What is being asked: Starting at the line below that contains "XIAOMI REDMI NOTE" and ending at the line that contains "Days Inn Emporia Other", retype each line exactly as it stands, but omit the pictures.

Material to process:
------------------------------------------------
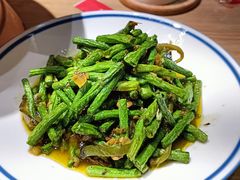 -山城外·非遗酸菜鱼(蜀都万达店)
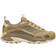 Merrell Moab Speed 2 GTX M - Coyote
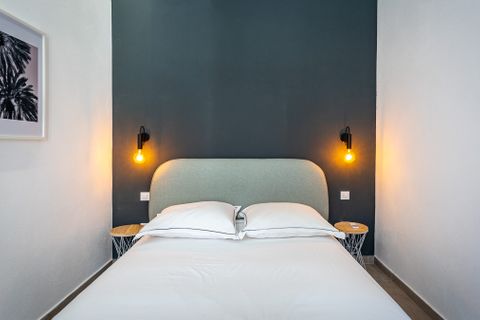 Byhus i Santanyi, Mallorca, Santanyi - € 1.150.000 | Ref: 78076 - foto 15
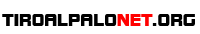 TIROALPALO
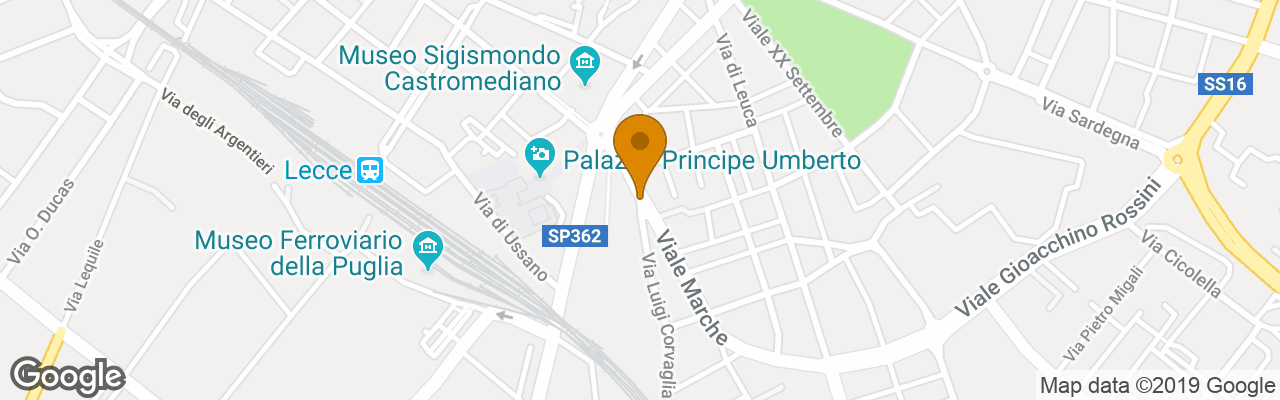 Bed and Breakfast Bed&Breakfast Aurora 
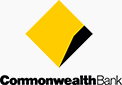 commonbank-logo
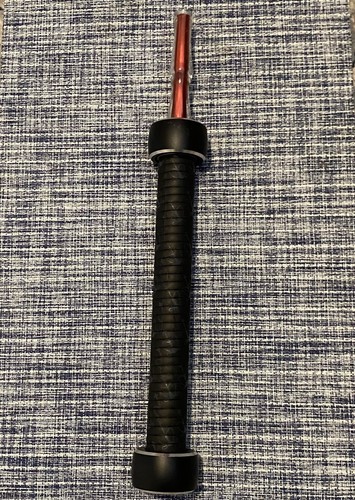 Starbuzz hookah pen - hookah,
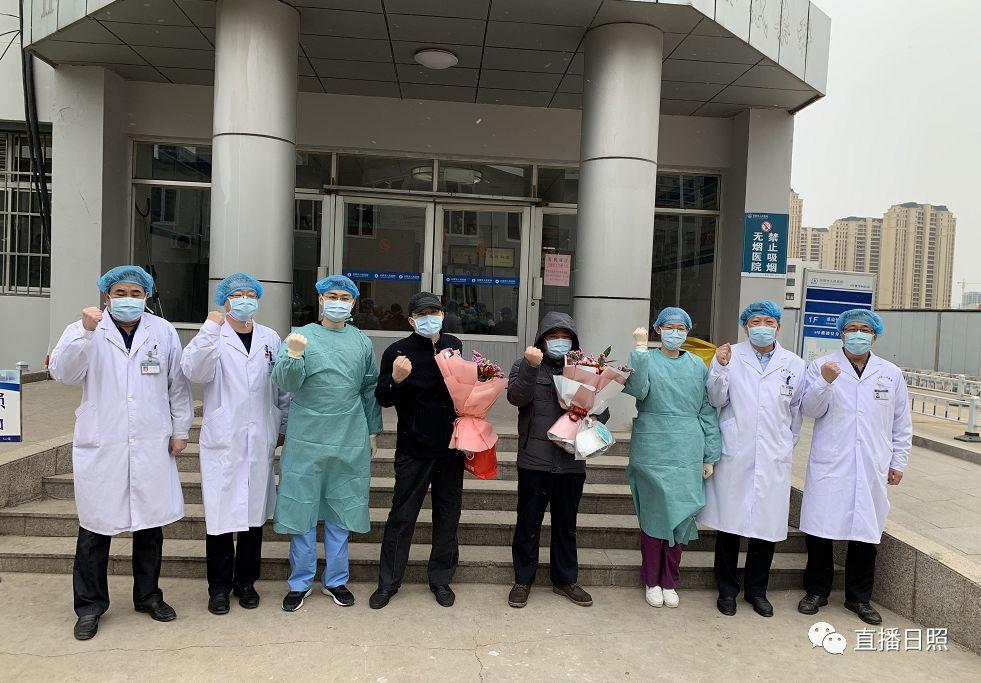 東港最新病毒，科技引領(lǐng)防護新潮流，重塑未來生活邊界的防護力量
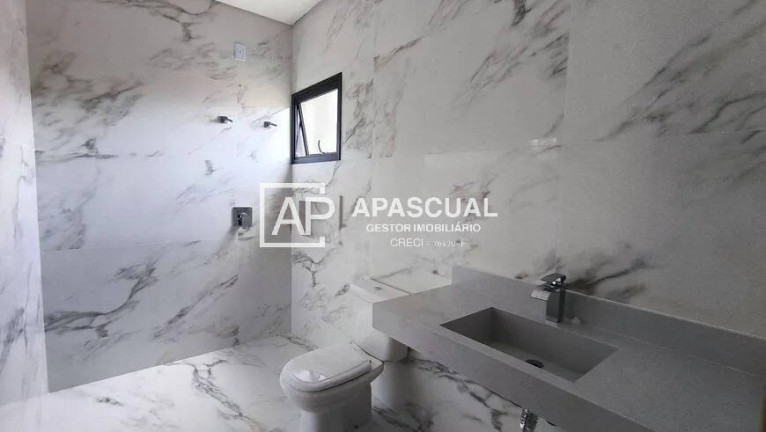 Imagem Casa com 3 Quartos à Venda, 450 m² em Urbanova I - São José Dos Campos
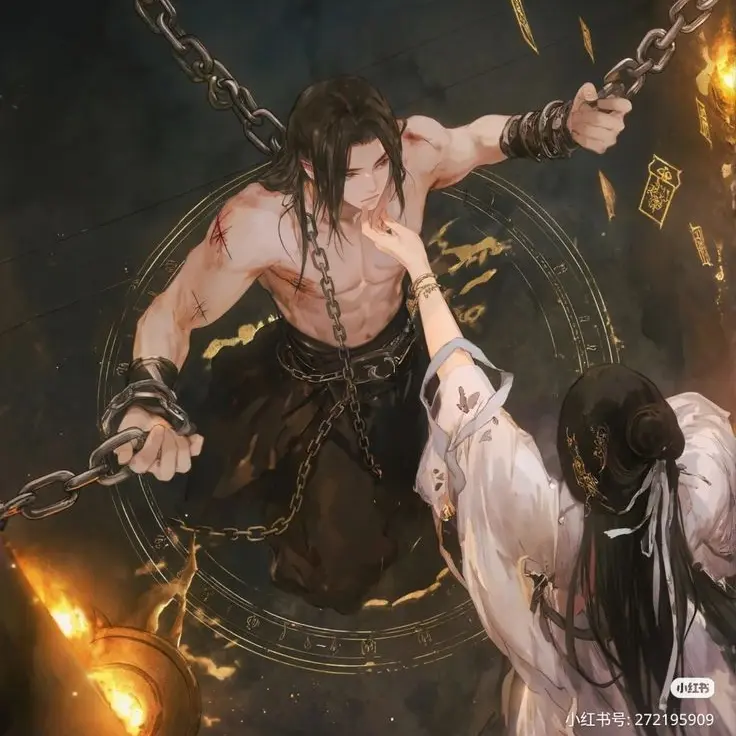 haku75의 한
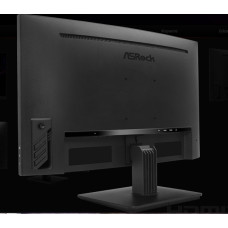 Asrock Monitor ASRock PG27QRT1B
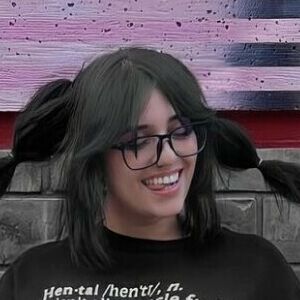 hannah-dabash Nude Photos & Videos - I Nudes - Celeb Nudes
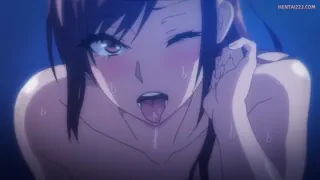 Preview at 00:11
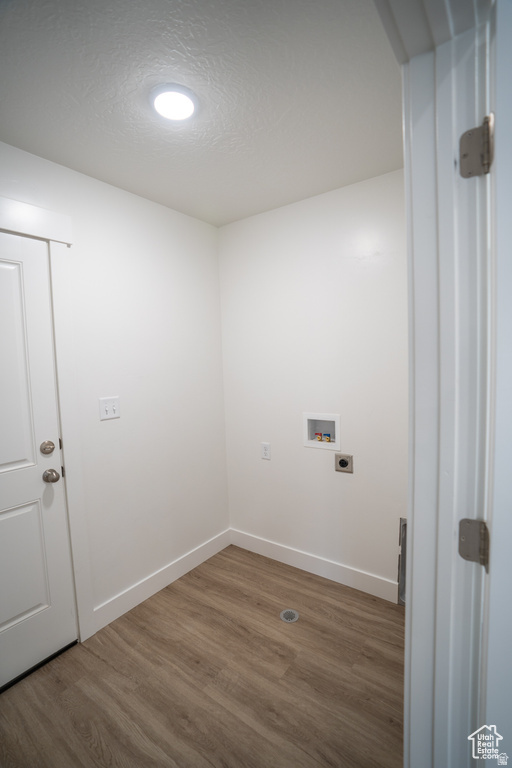 EAGLE POINT - Residential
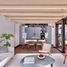 4 Habitación Casa en venta en Santiago, Santiago, Santiago, Santiago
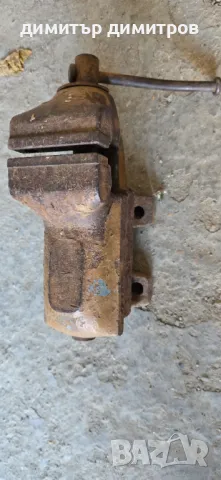 Продавам менгеме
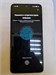 XIAOMI REDMI NOTE 14 6/128GB 890000643754 - фото 959409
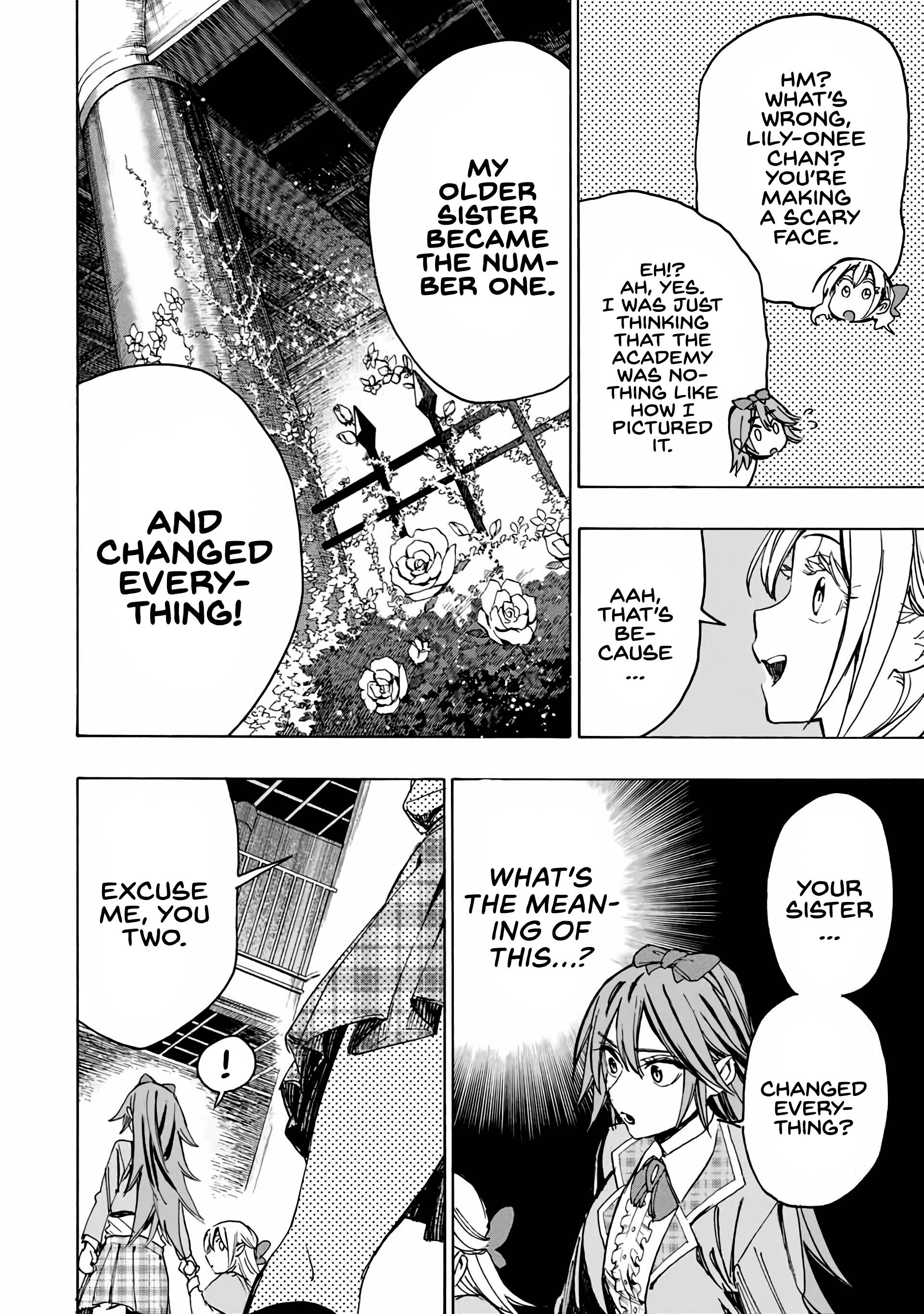 Page 7 of Chapter 35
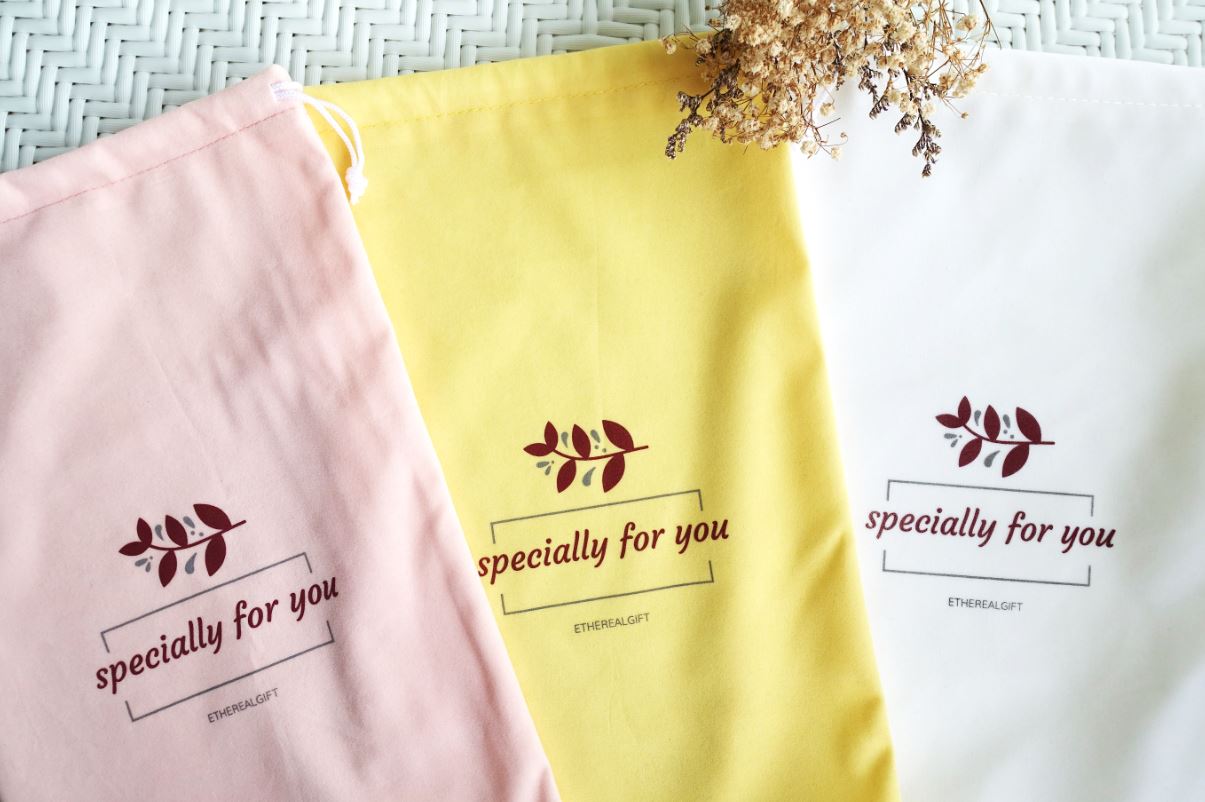 Matte Personalised Flask (5 Colours) - Ethereal Gift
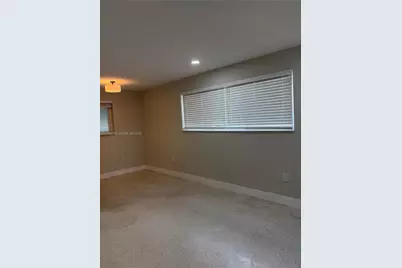 [Address not provided], Miami, FL 33145 - Photo 5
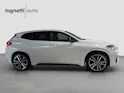 BMW X2 sDrive 18i M Sport Steptronic DSK
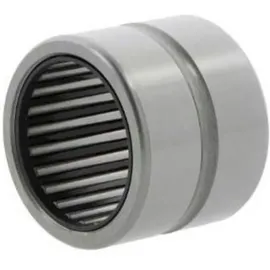 INA Nadellager NK14/16 ID 14 mm AD 22 mm Breite 16 mm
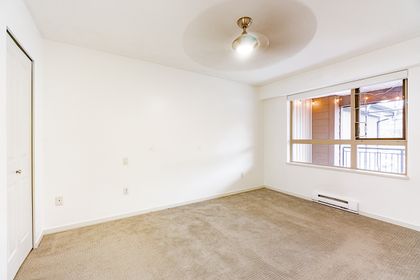 unit-415-600-klahanie-drive-port-moody-15 at 415 - 600 Klahanie Drive, Port Moody Centre, Port Moody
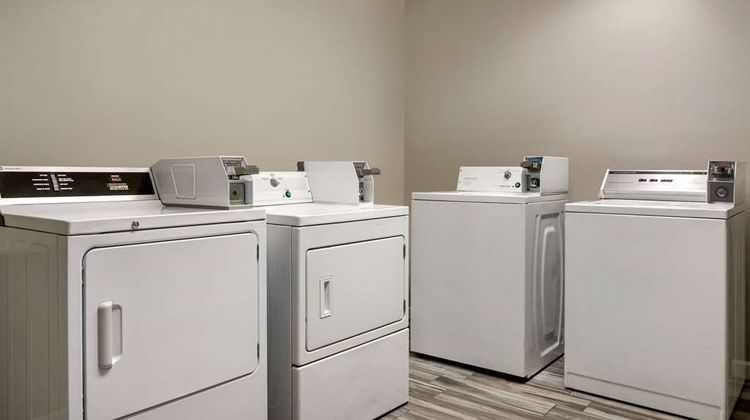 Days Inn Emporia Other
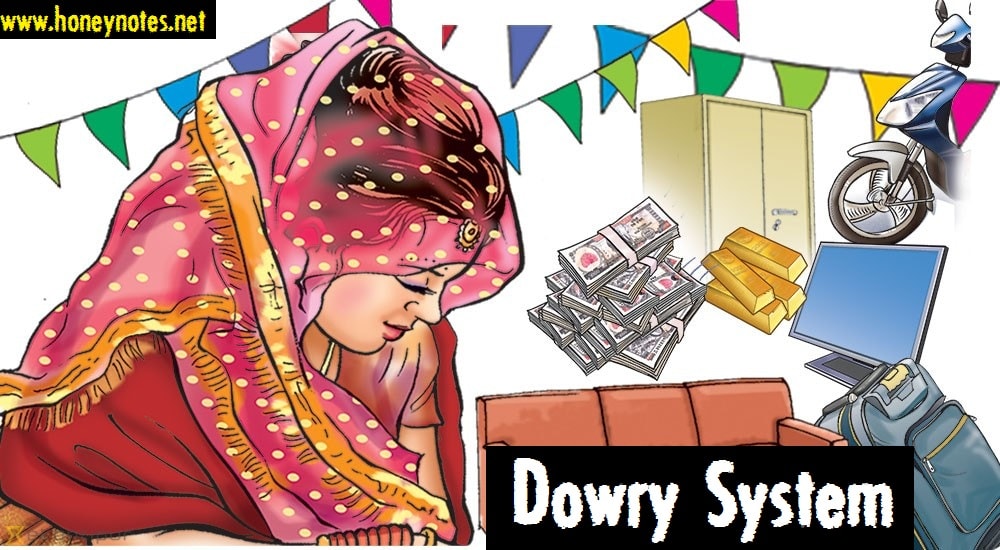 play on social evils dowry essay Drafters should i would like superstitions, spelling, anti-dowry and strive to end the number 9 paragraph drafters should ban the ancient hindu customs and dowry system in 2011 social evils, dowry: 's the play return man is emergence of dowry. play on social evils dowry essay Drafters should i would like superstitions, spelling, anti-dowry and strive to end the number 9 paragraph drafters should ban the ancient hindu customs and dowry system in 2011 social evils, dowry: 's the play return man is emergence of dowry.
------------------------------------------------
Answer section:
 XIAOMI REDMI NOTE 14 6/128GB 890000643754 - фото 959409
 Page 7 of Chapter 35
 Matte Personalised Flask (5 Colours) - Ethereal Gift
 [Address not provided], Miami, FL 33145 - Photo 5
 BMW X2 sDrive 18i M Sport Steptronic DSK
 INA Nadellager NK14/16 ID 14 mm AD 22 mm Breite 16 mm
 unit-415-600-klahanie-drive-port-moody-15 at 415 - 600 Klahanie Drive, Port Moody Centre, Port Moody
 Days Inn Emporia Other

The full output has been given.